** WHAT YOU HAVE TO DO **
None of the pictures should be copied, though every line of the listing must be printed exactly.
--- INPUT DATA ---
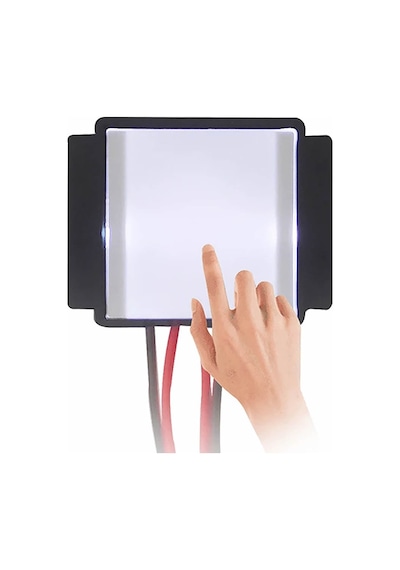 Ayna Dokunmatik Led Anahtar Dimmer Dc 12v 3a 36w Açma Kapama Akıllı Ev Aydınlatma Banyo Dekoratif
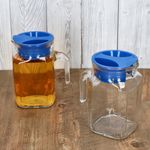 5L aus Glas mit blauem Kunststoff-Deckel – 13109528S_Bild_3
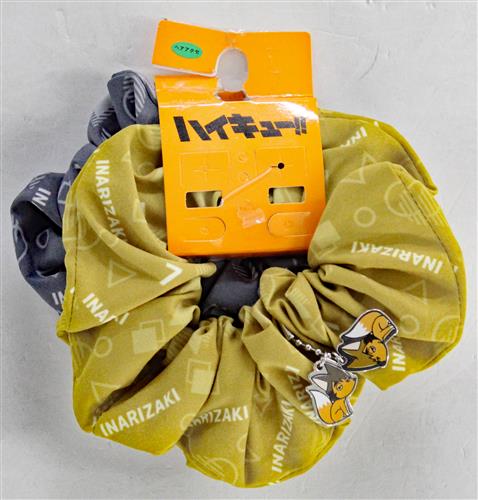 ハイキュー!!×Avail シュシュ2点セット 稲荷崎高校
---
** YOUR SOLUTION **
 Ayna Dokunmatik Led Anahtar Dimmer Dc 12v 3a 36w Açma Kapama Akıllı Ev Aydınlatma Banyo Dekoratif
 5L aus Glas mit blauem Kunststoff-Deckel – 13109528S_Bild_3
 ハイキュー!!×Avail シュシュ2点セット 稲荷崎高校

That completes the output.